ANPO opens as a squadron of F-16 fighter jets thunder directly over local traffic to land on Kadena, the largest U.S. airbase in Asia. Ten miles south, the urban homes that crowd Futenma Marine Corps Air Station shake from the numbing drone of C-130 cargo planes whose novice pilots repeatedly practice “touch-and-go” take-offs and landings. The U.S. base at Futenma is one of 30 bases in Okinawa, an island that makes up only 1% of Japan’s land mass while shouldering the burden of 75% of the U.S. military installations in Japan. That presence includes over 28,000 American troops, rivaling the number deployed to the active war zone of Afghanistan. America’s military presence was negotiated in 1951 under the terms of the lopsided U.S.-Japan Mutual Security Treaty, known in Japan as “ANPO.” Under its provisions, American soldiers who rape Japanese women and girls are often protected from local prosecution. Prime farming lands have been confiscated from farmers to extend air force jet runways. Civilians are killed in hit-and-run accidents by drunken US servicemen with few held to account. In one particularly egregious case, a woman collecting shell casings to sell was shot in the back and killed by a US soldier who served no time for her death.
Protests by Japanese enraged by the onerous terms of the security treaty have generally been ignored by Japan’s ruling party. Yet for a brief window of time during the summer of 1960, shopkeepers, children and housewives joined a coalition of artists, farmers, students, laborers, and intellectuals in a series of massive demonstrations to block the renewal of the treaty. Tens of thousands of protestors marched on the Japanese parliament to demand an end to the unequal partnership with Washington. Among the protesters was a small cadre of Japan’s most talented artists. They used the creativity of their paintings, film, photography, manga, and music to give a powerful voice to the protests and to document the many ways in which the American military presence has intruded upon Japanese life and sovereignty.

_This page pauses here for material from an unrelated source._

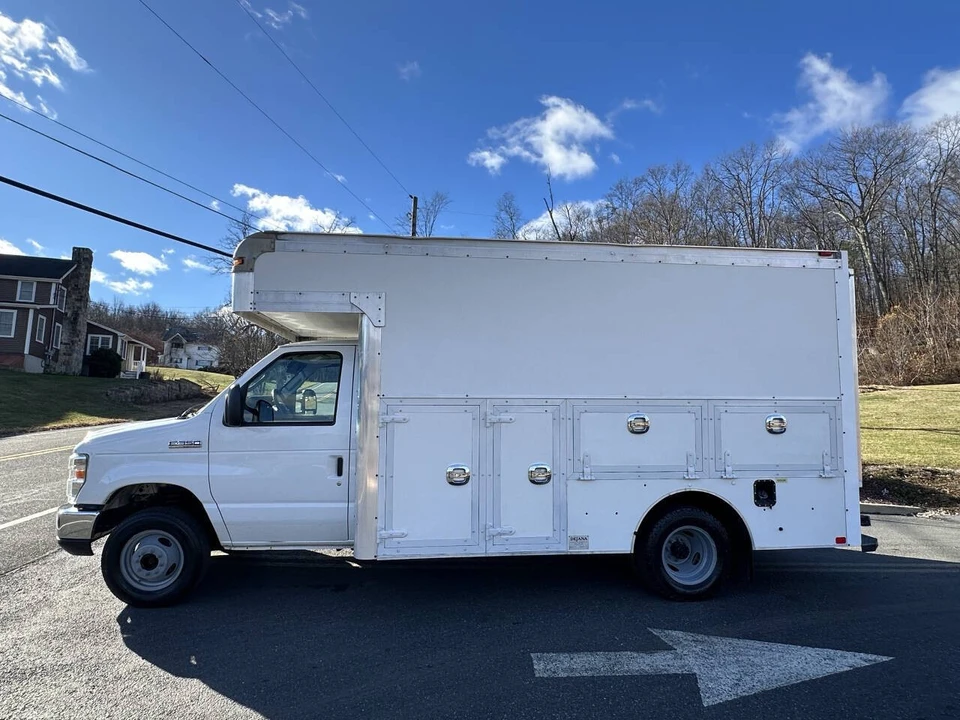 2017 Ford Econoline Van - Image 5 of 12
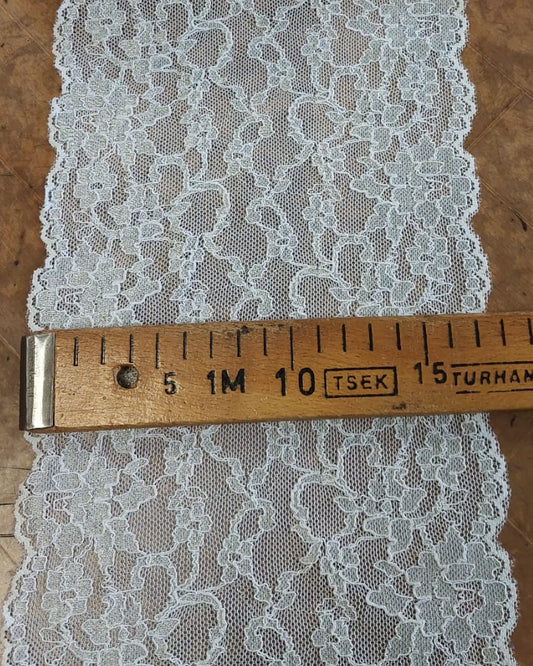 Elastīga mežģīne 17 cm- balta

ANPO uses the resulting artistic treasure trove that has heretofore been locked away in Japanese museum vaults and film archives to take an unprecedented look back into a forgotten period of Japanese history, when a nascent democratic movement almost changed the course of an entire nation. The artists speak about how the events of that summer forever changed them and their art. We hear from a survivor of the Lucky Dragon, a Japanese fishing vessel that was in the path of deadly fallout from a 15 megaton thermonuclear test blast whose effects became a rallying cry for the Japanese protesting against nuclear armament and the U.S-Japan security treaty. The film also incorporates film clips from Japanese classics and riveting archival footage that shows the passion of the protestors who flooded the streets to fight for democracy.
ANPO aims to entertain its audience with a fascinating look at an unknown period of Japanese activism through the eyes of the world-class Japanese artists who lived the experience. But its lessons about American overreach and the anger its unwanted military presence engenders can just as easily apply to U.S. plans for permanent military bases in Afghanistan and Iraq. As we enter into an age of greater political transparency under different administrations in the U.S. and Japan, now is as pressing a time as ever to examine the complexities and limits of America’s presence on the world stage.
Most of the film has already been shot in high-definition by director of photography Yamazaki Yutaka, one of Japan’s most accomplished cinematographers. He has filmed hundreds of documentaries, worked on the celebrated films of Kore-eda Hirokazu and filmed the 1960 ANPO protests as a student. Playing a key advisory role is Dr. John Dower, Professor of History at MIT and the author of the Pulitzer Prize-winning Embracing Defeat, the definitive study of postwar Japanese culture and politics.